__EXERCISE REQUIREMENTS__: Include the line with "Beautiful colorful Rose" and every line before it in the entries below, echoed exactly, but not the pictures.

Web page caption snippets
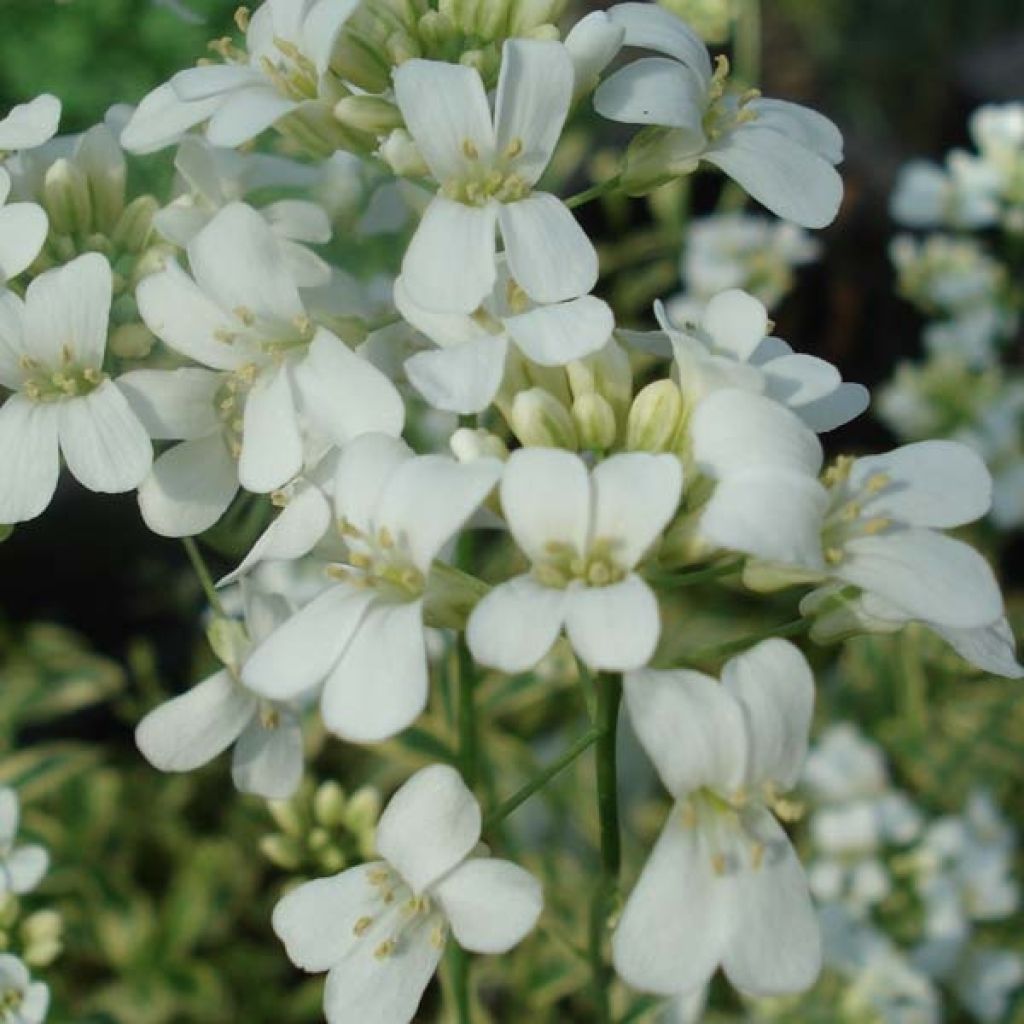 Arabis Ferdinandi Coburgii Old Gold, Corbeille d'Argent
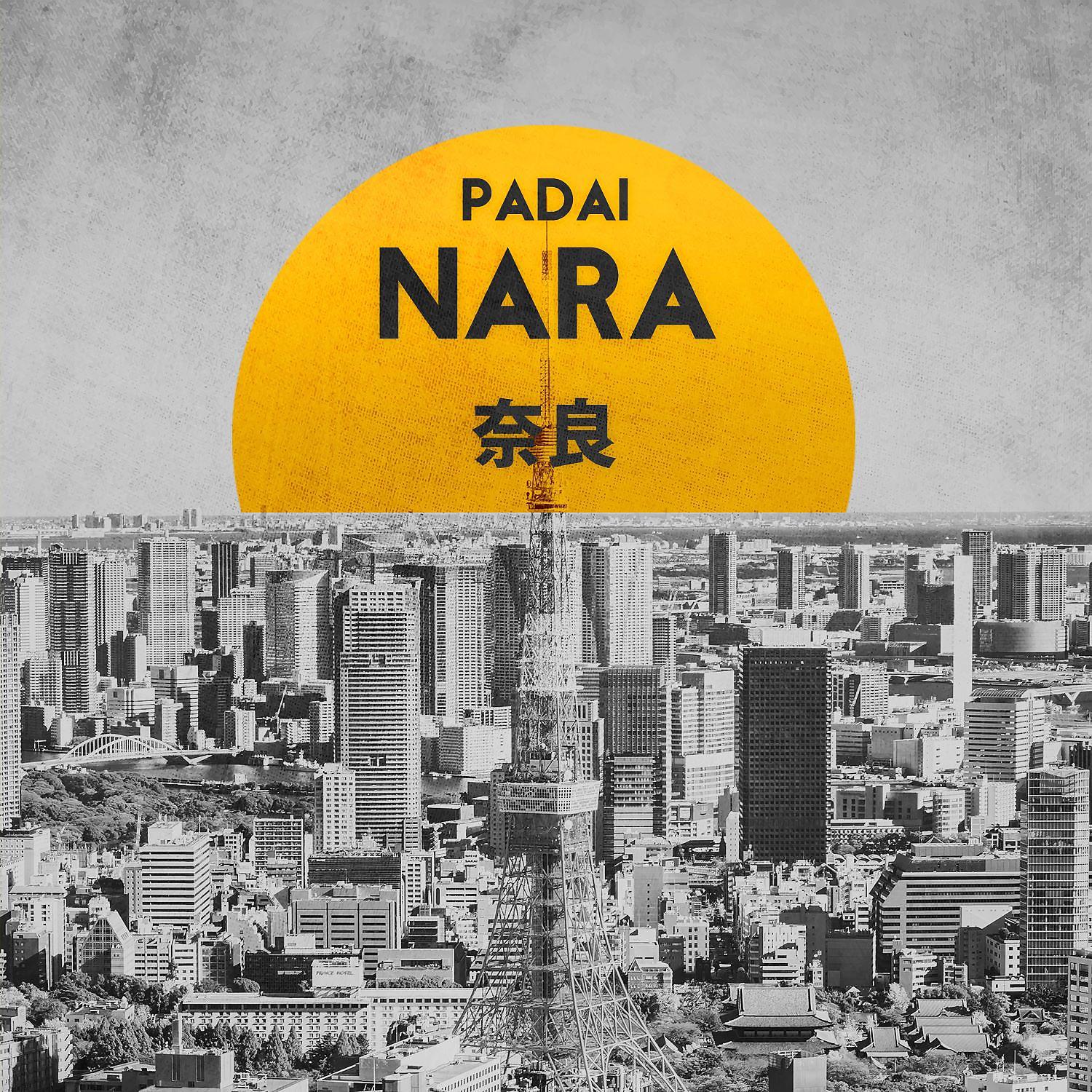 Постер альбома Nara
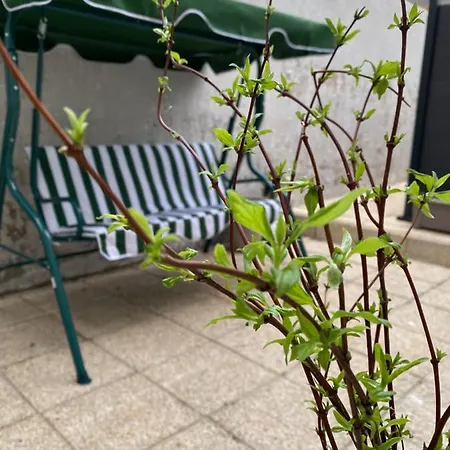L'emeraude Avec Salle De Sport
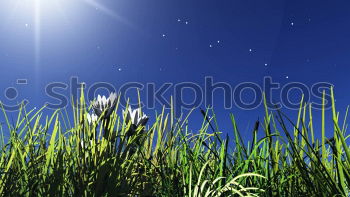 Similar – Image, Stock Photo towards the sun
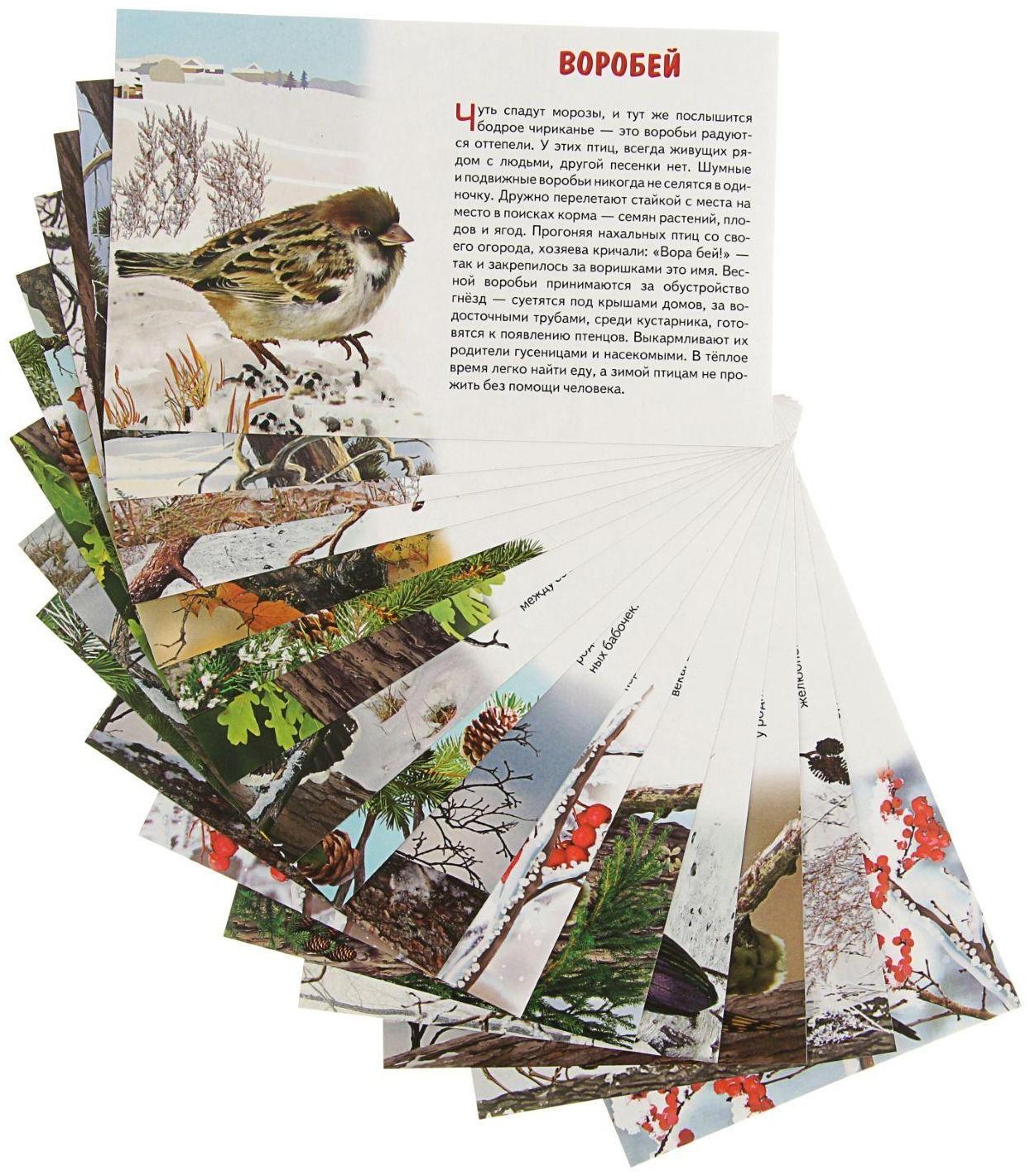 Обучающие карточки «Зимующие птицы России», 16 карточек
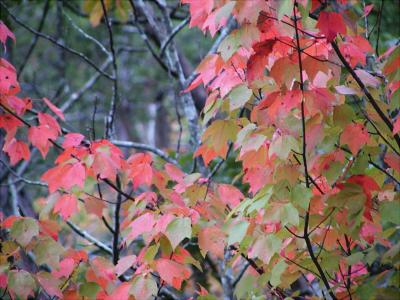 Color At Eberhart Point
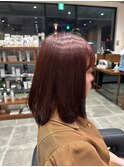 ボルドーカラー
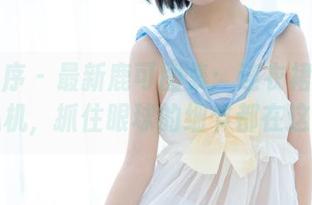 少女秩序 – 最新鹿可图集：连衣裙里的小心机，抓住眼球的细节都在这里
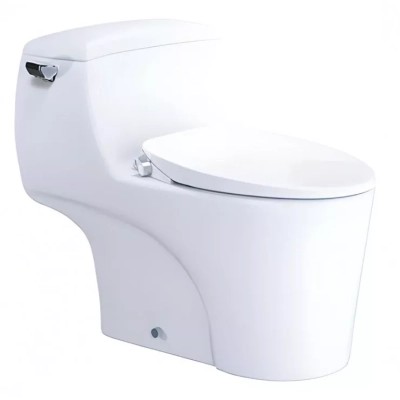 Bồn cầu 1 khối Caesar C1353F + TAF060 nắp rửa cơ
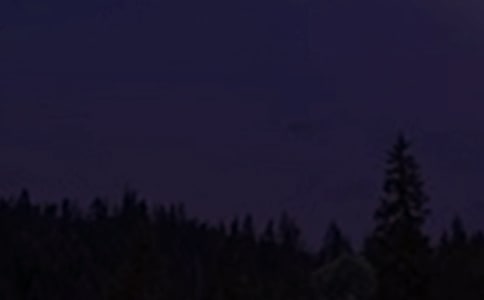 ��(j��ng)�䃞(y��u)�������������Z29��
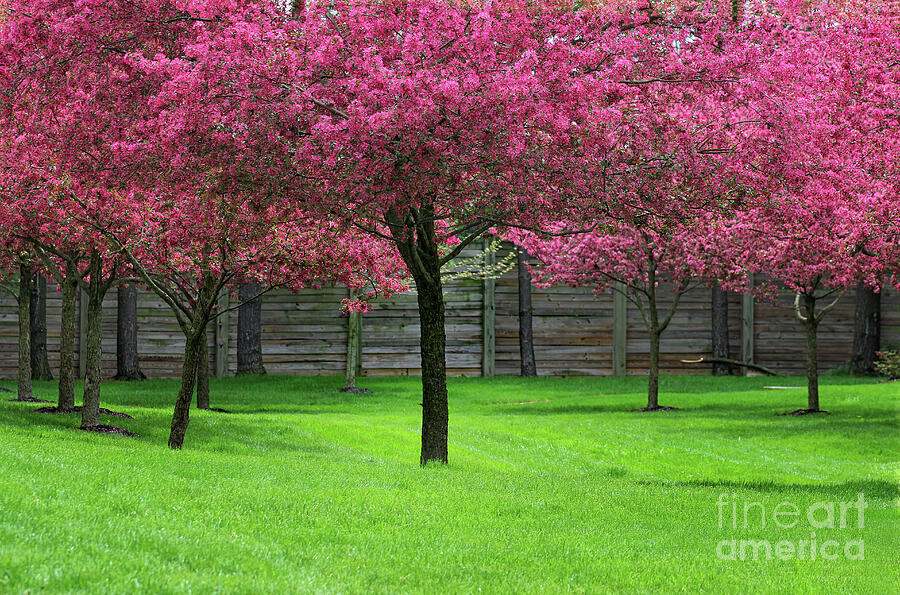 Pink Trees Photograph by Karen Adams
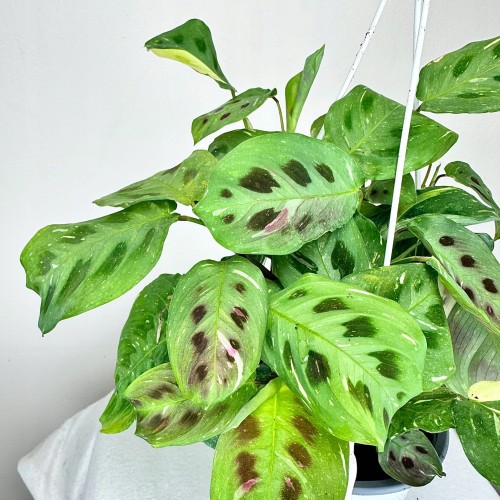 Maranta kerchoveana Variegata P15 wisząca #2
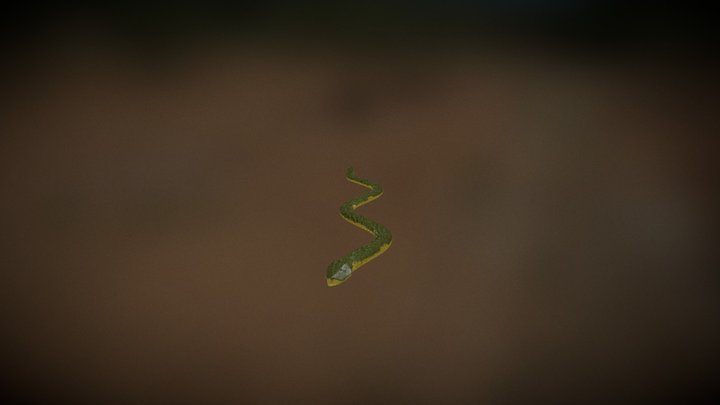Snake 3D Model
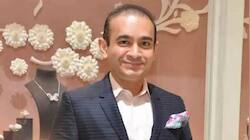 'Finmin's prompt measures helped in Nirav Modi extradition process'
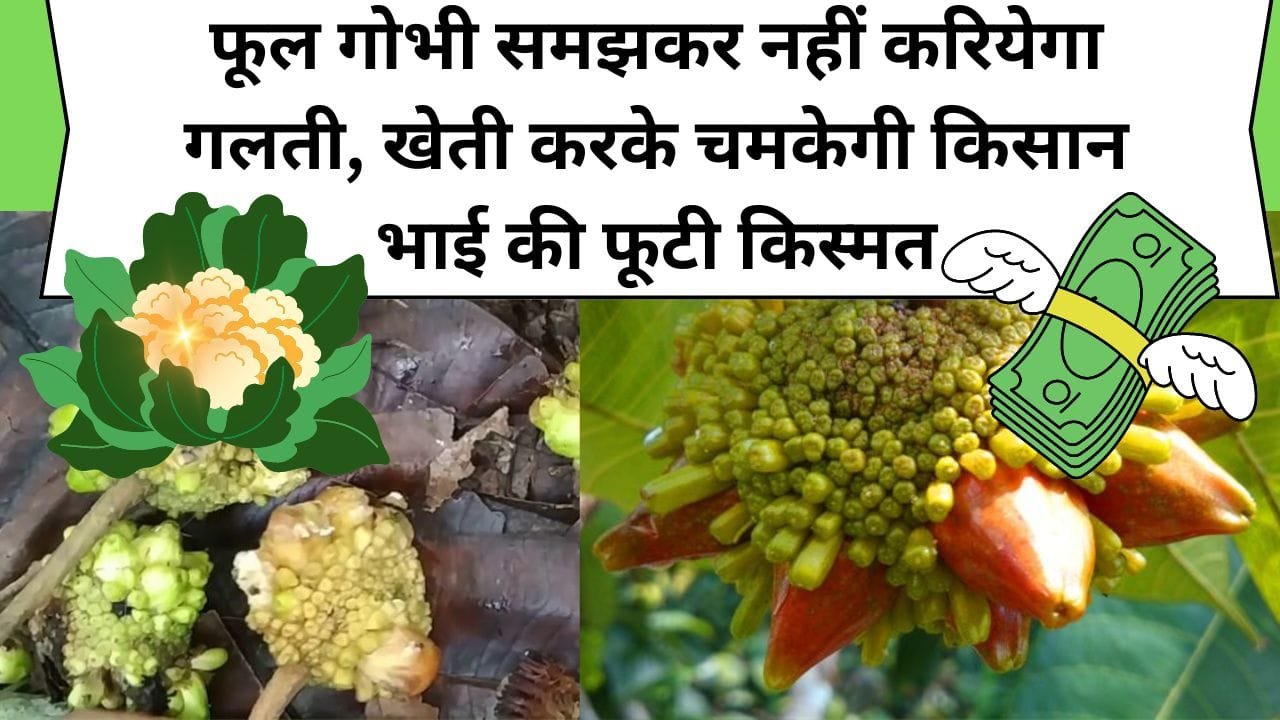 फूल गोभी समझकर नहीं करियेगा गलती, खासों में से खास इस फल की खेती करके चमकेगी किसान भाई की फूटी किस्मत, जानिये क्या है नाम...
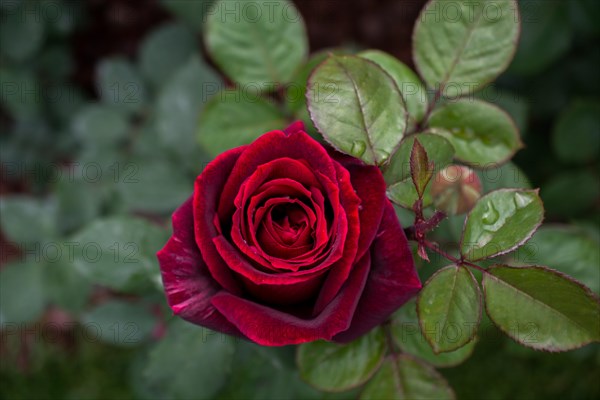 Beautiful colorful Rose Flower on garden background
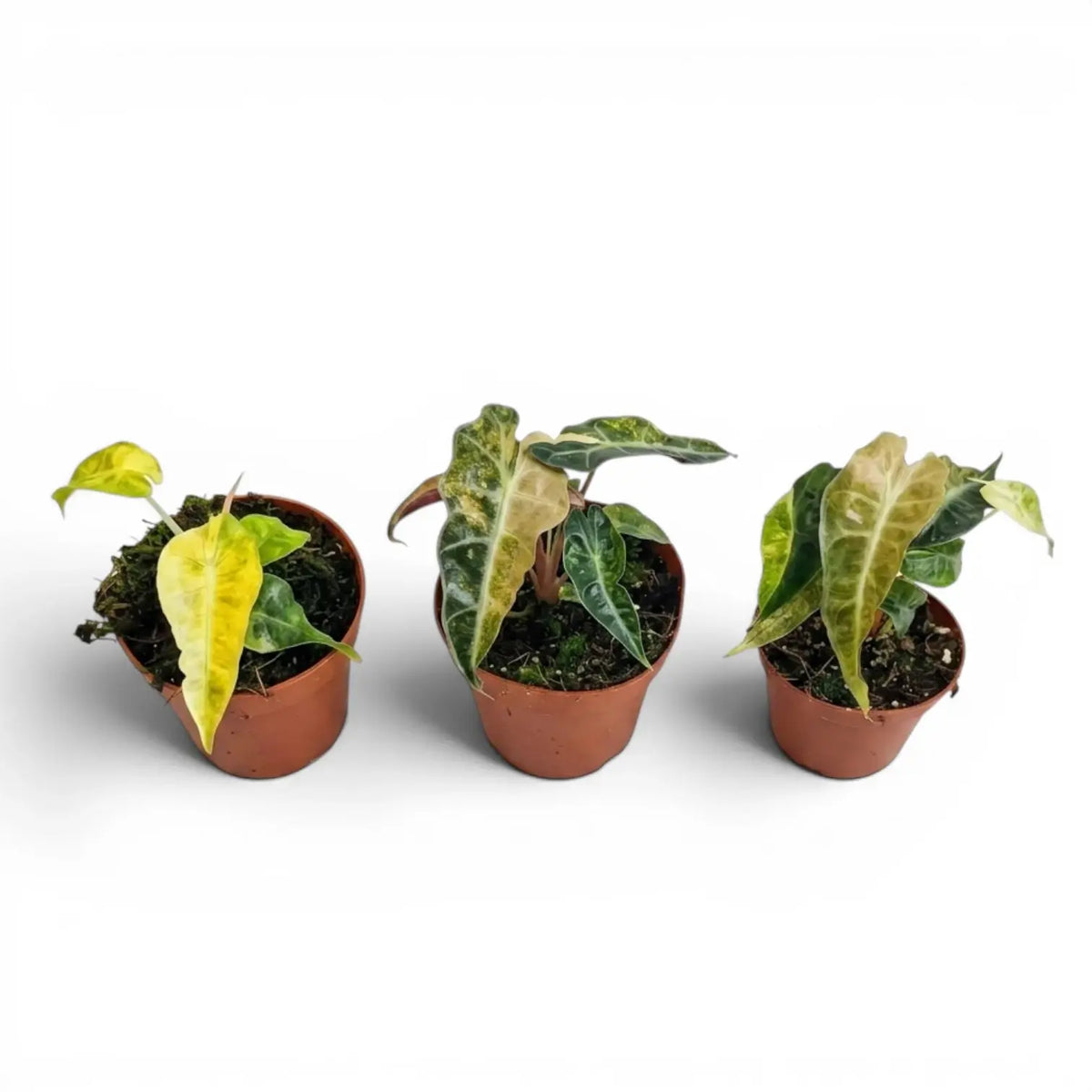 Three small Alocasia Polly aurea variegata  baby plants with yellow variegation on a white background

__TASK RESPONSE__:
 Arabis Ferdinandi Coburgii Old Gold, Corbeille d'Argent
 Постер альбома Nara
L'emeraude Avec Salle De Sport
 Similar – Image, Stock Photo towards the sun
 Обучающие карточки «Зимующие птицы России», 16 карточек
 Color At Eberhart Point
 ボルドーカラー
 少女秩序 – 最新鹿可图集：连衣裙里的小心机，抓住眼球的细节都在这里
 Bồn cầu 1 khối Caesar C1353F + TAF060 nắp rửa cơ
 ��(j��ng)�䃞(y��u)�������������Z29��
 Pink Trees Photograph by Karen Adams
 Maranta kerchoveana Variegata P15 wisząca #2
Snake 3D Model
 'Finmin's prompt measures helped in Nirav Modi extradition process'
 फूल गोभी समझकर नहीं करियेगा गलती, खासों में से खास इस फल की खेती करके चमकेगी किसान भाई की फूटी किस्मत, जानिये क्या है नाम...
 Beautiful colorful Rose Flower on garden background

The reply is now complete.